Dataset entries

--------

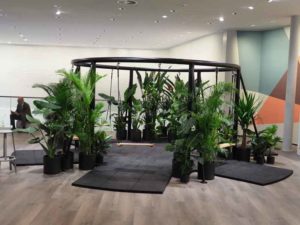 dlp motive für Daimler auf der IAA 2017 swinglounge_web-300x225 dlp motive für Daimler auf der IAA 2017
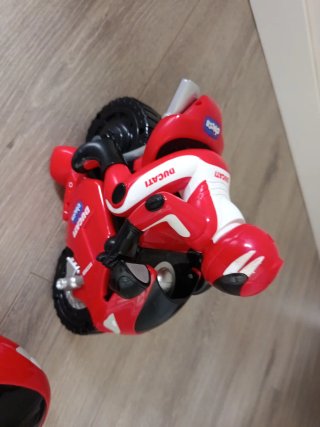 Moto Teledirigida Chicco Ducati Roja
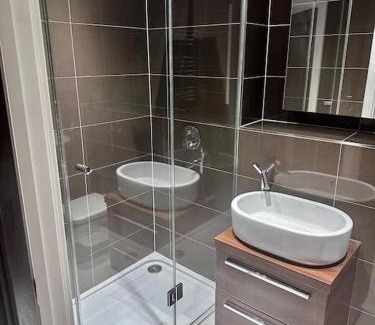 Royal Borough of Kensington and Chelsea Apartment | Beautiful 3bed3bath Kensington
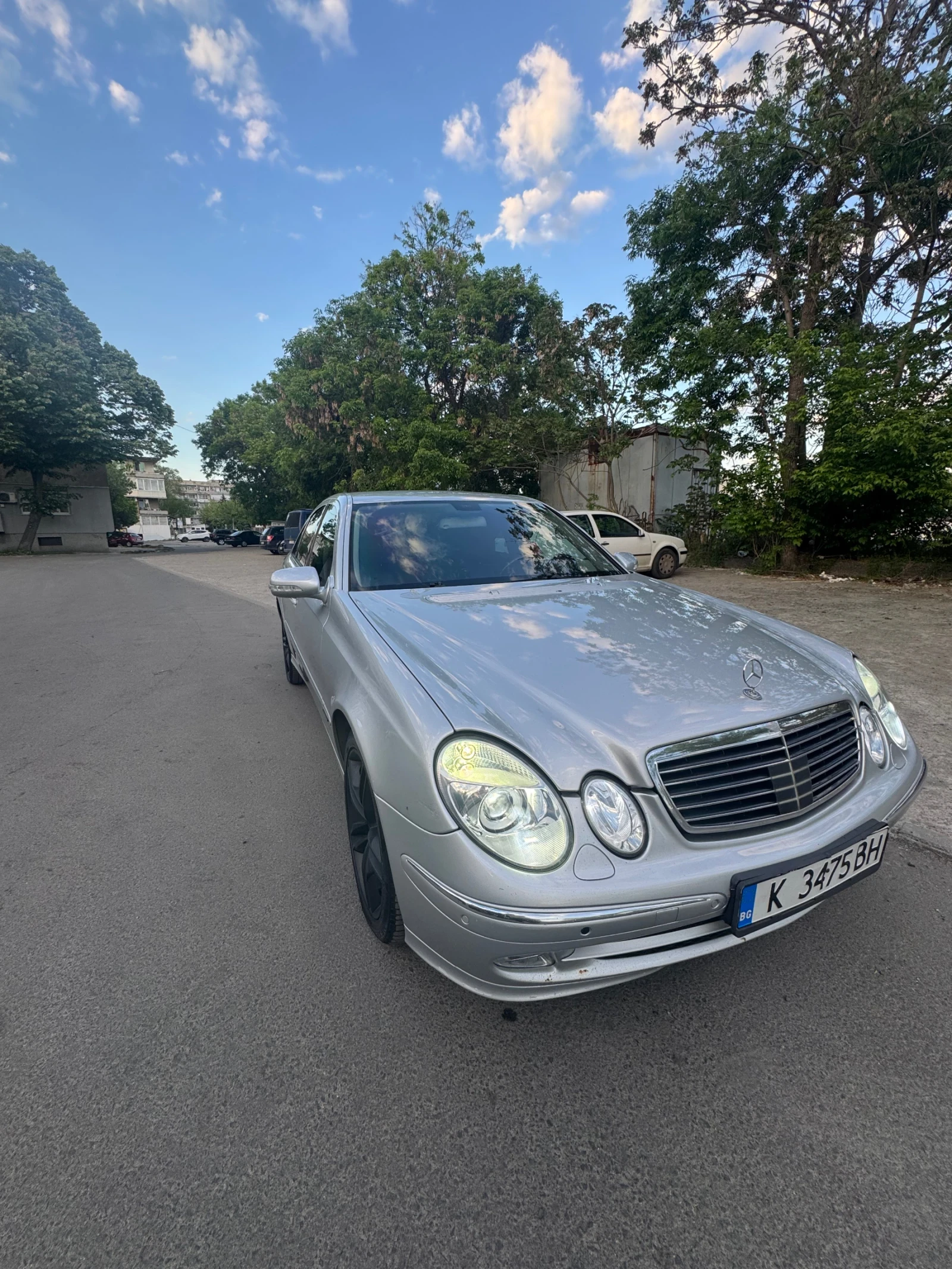 Mercedes-Benz E 500 4x4 - изображение 3
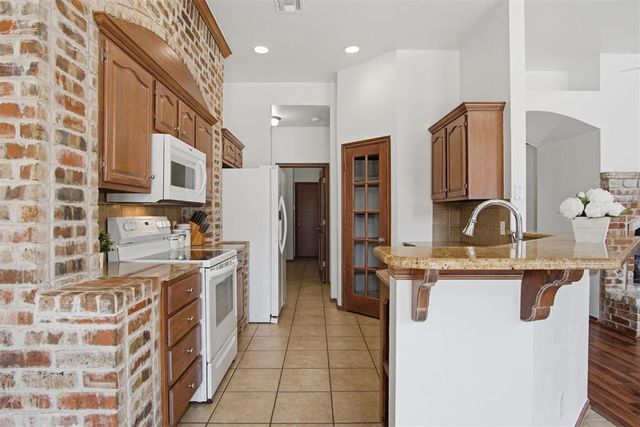 2101 Cedar Pointe Circle, Edmond, OK 73003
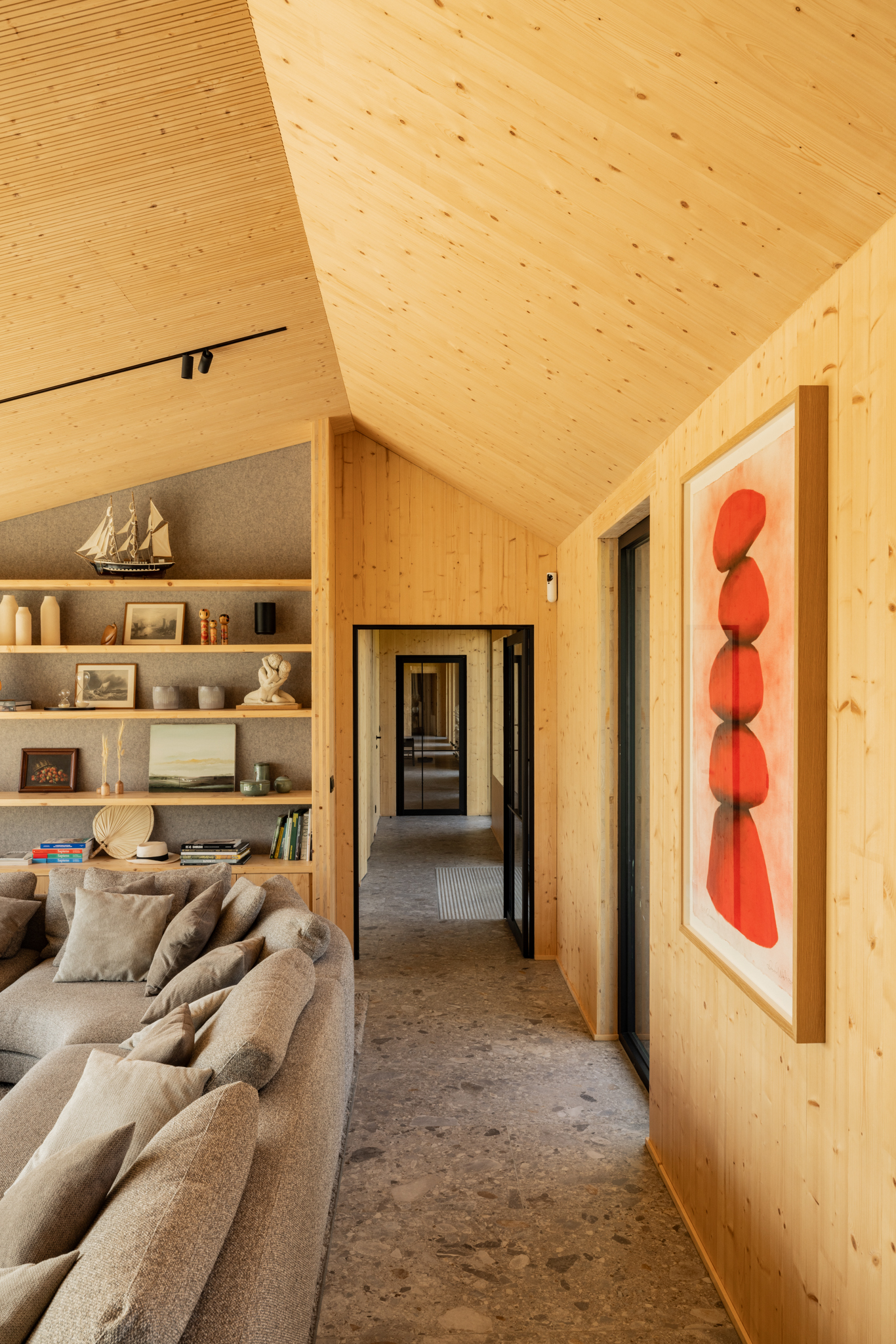 Design épuré et chaleureux dans maison écologique en CLT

--------

What is expected
Both ends included, copy the lines from the one holding "Mercedes-Benz E 500 4x4 - изображение 3" to the last line of the entries exactly, with all pictures left out.

Output for this task
 Mercedes-Benz E 500 4x4 - изображение 3
 2101 Cedar Pointe Circle, Edmond, OK 73003
 Design épuré et chaleureux dans maison écologique en CLT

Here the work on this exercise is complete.